Audio By Carbonatix
There are defining moments in a nation’s democratic journey when silence becomes dangerous, when lingering questions about power, money, and accountability can no longer be deferred. Ghana stands at such a crossroads.
As the cost of electoral politics continues to escalate, public concern is mounting over the growing influence of money on political competition and outcomes. What was once a gradual shift has become a pressing national issue, demanding urgent reflection and decisive reform.
Since the return to constitutional rule in 1992, Ghana has built a reputation for competitive elections and peaceful transfers of power. Yet beneath that success story lies a persistent challenge: weak regulation of campaign and political financing. Election seasons are increasingly defined by extravagant spending, opaque funding sources, and intense pressure on public officeholders to recoup political investments once in power.
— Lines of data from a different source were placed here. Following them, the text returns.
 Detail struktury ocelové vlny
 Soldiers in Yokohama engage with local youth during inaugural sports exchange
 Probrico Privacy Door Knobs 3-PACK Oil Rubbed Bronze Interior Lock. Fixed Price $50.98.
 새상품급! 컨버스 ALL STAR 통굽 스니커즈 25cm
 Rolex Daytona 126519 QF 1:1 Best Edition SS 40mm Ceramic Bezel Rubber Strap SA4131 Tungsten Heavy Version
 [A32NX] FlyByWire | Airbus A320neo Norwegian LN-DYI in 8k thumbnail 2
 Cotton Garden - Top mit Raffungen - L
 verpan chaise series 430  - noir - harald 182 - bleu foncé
These dynamics have fueled public mistrust and raised questions about whose interests the political system ultimately serves.
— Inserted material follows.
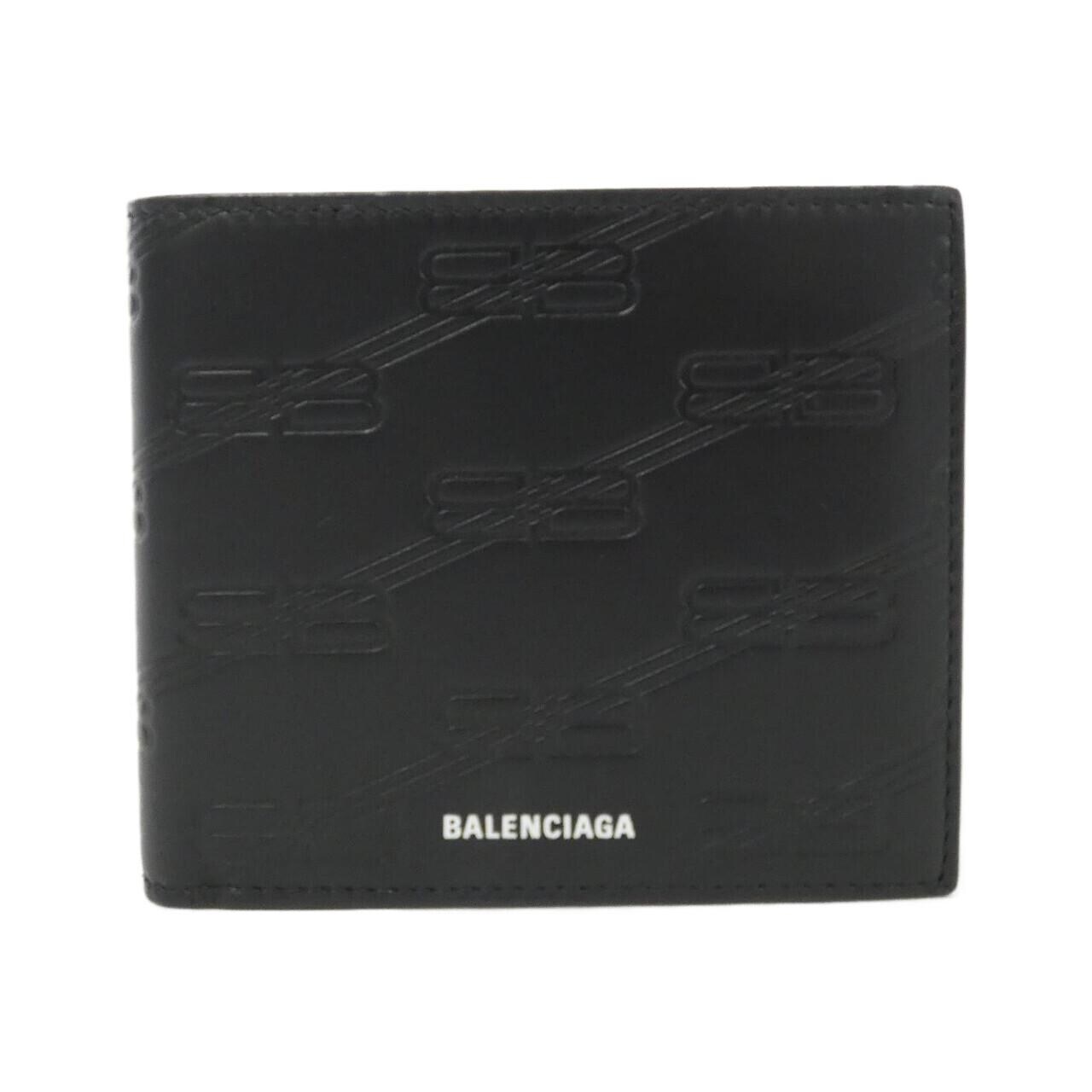BALENCIAGA Embossed Square Fold Coin Wallet 718395 210JS Wallet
It is within this context that the Centre for Democratic Development (CDD-Ghana), working with the National Commission for Civic Education (NCCE) and supported by the Foreign, Commonwealth & Development Office (FCDO), has initiated a series of regional public engagements on what it calls a Draft Campaign and Political Financing Model Law. The discussions will take place across 10 selected regions as part of broader efforts to address longstanding gaps in Ghana’s political finance regime.

At the centre of the conversations are questions many Ghanaians have quietly asked for years: who pays for political campaigns, what expectations accompany that funding, and how those relationships affect decision-making in government. With no comprehensive ceilings on campaign expenditure and limited enforcement of disclosure rules, critics argue that political competition has gradually tilted in favour of those with access to significant financial resources.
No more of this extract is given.